FILM REVIEW: Gemma Bovery

Gemma Bovery (Anne Fontaine, 2014)

With a new Madame Bovary set to hit screens in a couple of months, Australian audiences are first treated to a French rendering of the tale, set in the current day. Based on Posy Simmonds’ graphic novel of the same name, Gemma Bovery puts a contemporary and self-referential spin on the Gustave Flaubert classic.

This guy was a total bore.
This guy was a total bore.

Martin (Fabrice Luchini) is an ex-Parisian living in a village in Normandy with his wife and son. When a British couple by the names of Charles and Gemma Bovery move in across the street, Martin is transfixed by their apparent connection to Flaubert’s literary heroes. He is particularly taken by Gemma (Gemma Arterton), whom he follows and who appears to be treading a very familiar path to the tragic Emma Bovary, whose life ended by suicide. Determined to change her narrative, he intrudes on her private life. But is she fated for a tragic ending?

What a quaint little town.
What a quaint little town.

While Martin could easily be portrayed as a lecherous old bastard who takes more than a few glances at Gemma’s ample cleavage, Fabrice Luchini is just too adorable to offend. Though he’s much older, Martin regards Gemma as would a schoolboy – their awkward interactions almost cute. Gemma Arterton successfully embodies the complexities of Mrs Bovery, who seesaws between hope and despair. All at once she is the picture of confidence, whilst also a desperate, drowning figure.

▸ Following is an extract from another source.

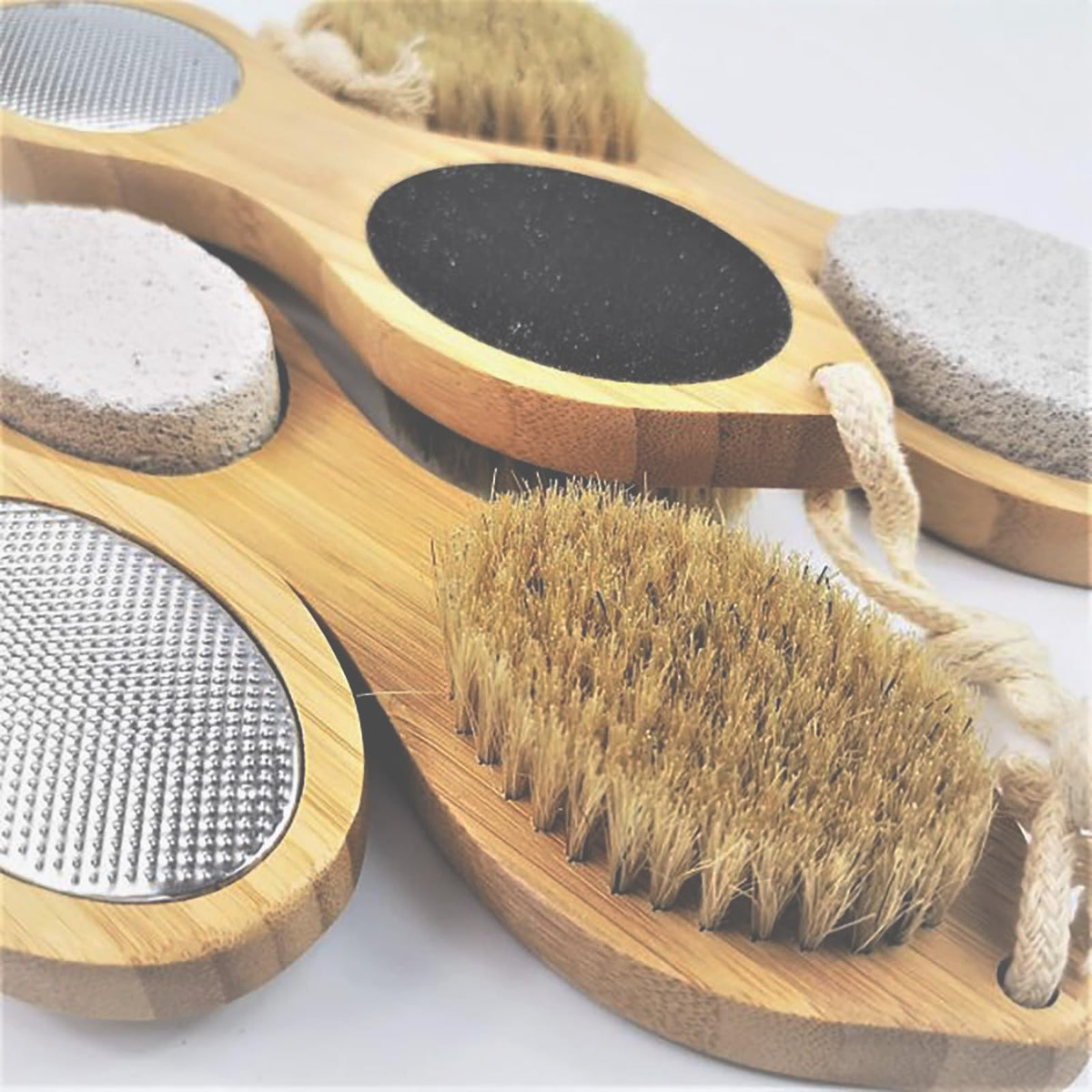 PHOGARY Pumice Stone for Hands and Feet, 4-in-1 Wooden Foot Scrub Brush Removing Hard Corn Dead Skin Callus-Wet Dry Feet Household Nail Cracked Heels Care-Debris Grinding Off Thick and Hard Calluses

Will you bake my bread? *WINK*
I’ll bake YOUR bread! *WINK*

Anne Fontaine (who directed the compelling Australian drama Adoration) delivers an interesting film that plays with the idea of storytelling. The screenplay, co-written by Fontaine and Pascal Bonitzer, handles the notion of fate in a clever way, and incorporates red herrings based on Martin’s preconceptions of Gemma’s narrative. Apparent flaws of the film could even be seen as deliberate attempts to play with this aspect further. For example, the film seems to dawdle on its way to a clever conclusion, but this echoes Martin’s explanation to Gemma that Madame Bovery is quite uneventful. Furthermore, with the exception of Jason Flemyng as Charles, the actors playing Gemma’s two other lovers, – Niels Schneider as Hervé de Bressigny and Mel Raido as Patrick – are rather blah. But maybe that’s the point. Gemma is never fully satisfied. Unfortunately, neither is the viewer.